*** SUPPLIED DATA ***

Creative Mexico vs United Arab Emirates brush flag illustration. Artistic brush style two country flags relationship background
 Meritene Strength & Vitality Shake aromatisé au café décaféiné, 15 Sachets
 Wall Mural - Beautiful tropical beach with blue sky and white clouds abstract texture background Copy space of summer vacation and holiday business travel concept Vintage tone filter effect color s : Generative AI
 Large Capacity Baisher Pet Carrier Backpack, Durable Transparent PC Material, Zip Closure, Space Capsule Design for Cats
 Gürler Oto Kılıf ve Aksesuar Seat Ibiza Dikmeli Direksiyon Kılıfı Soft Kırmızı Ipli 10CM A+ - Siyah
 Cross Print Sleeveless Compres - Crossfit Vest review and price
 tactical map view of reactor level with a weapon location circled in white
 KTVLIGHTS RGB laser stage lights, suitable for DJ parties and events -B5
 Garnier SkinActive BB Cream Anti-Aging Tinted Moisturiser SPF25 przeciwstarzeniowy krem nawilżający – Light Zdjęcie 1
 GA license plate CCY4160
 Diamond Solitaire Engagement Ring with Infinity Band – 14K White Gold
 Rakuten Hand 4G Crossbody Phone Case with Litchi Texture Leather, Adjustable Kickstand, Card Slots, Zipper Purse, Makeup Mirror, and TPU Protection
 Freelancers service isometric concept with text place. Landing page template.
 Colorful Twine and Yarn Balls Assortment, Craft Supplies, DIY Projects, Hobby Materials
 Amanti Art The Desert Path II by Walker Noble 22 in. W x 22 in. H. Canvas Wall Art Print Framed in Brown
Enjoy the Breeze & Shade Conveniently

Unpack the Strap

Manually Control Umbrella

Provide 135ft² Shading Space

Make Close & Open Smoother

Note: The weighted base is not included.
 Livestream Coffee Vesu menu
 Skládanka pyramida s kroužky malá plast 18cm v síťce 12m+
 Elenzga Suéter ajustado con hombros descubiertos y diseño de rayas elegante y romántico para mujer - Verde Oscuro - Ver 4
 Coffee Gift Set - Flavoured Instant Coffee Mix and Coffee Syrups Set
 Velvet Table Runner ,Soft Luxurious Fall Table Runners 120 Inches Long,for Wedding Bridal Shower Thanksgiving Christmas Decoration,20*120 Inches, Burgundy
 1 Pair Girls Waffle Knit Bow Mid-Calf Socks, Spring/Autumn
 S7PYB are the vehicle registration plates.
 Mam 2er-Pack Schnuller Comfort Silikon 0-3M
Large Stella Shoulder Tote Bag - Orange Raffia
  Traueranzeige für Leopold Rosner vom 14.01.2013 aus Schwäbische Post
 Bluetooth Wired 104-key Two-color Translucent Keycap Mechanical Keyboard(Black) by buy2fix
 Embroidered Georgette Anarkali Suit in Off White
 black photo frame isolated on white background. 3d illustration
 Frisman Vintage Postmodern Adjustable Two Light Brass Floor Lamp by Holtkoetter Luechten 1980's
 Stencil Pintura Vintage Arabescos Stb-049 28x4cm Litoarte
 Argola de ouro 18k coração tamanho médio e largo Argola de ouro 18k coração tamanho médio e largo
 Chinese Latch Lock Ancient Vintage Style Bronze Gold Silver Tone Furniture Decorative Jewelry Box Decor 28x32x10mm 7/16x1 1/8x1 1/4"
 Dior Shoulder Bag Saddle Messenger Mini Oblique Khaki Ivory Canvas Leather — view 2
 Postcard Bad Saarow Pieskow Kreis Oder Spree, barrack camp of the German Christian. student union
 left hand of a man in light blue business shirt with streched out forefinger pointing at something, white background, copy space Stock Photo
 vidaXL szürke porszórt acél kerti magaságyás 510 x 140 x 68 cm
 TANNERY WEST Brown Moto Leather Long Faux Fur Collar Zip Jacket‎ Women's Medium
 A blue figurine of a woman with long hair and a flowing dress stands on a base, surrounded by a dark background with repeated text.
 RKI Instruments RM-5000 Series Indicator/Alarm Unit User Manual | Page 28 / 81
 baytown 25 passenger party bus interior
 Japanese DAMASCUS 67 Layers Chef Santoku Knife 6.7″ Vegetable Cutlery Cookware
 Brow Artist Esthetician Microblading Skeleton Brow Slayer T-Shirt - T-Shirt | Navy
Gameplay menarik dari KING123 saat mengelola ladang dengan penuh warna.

*** End of SUPPLIED DATA ***

Where does the word "Coffee" appear in the records above? Return every line that holds it.

**ANSWER BOX**:
 Livestream Coffee Vesu menu
 Coffee Gift Set - Flavoured Instant Coffee Mix and Coffee Syrups Set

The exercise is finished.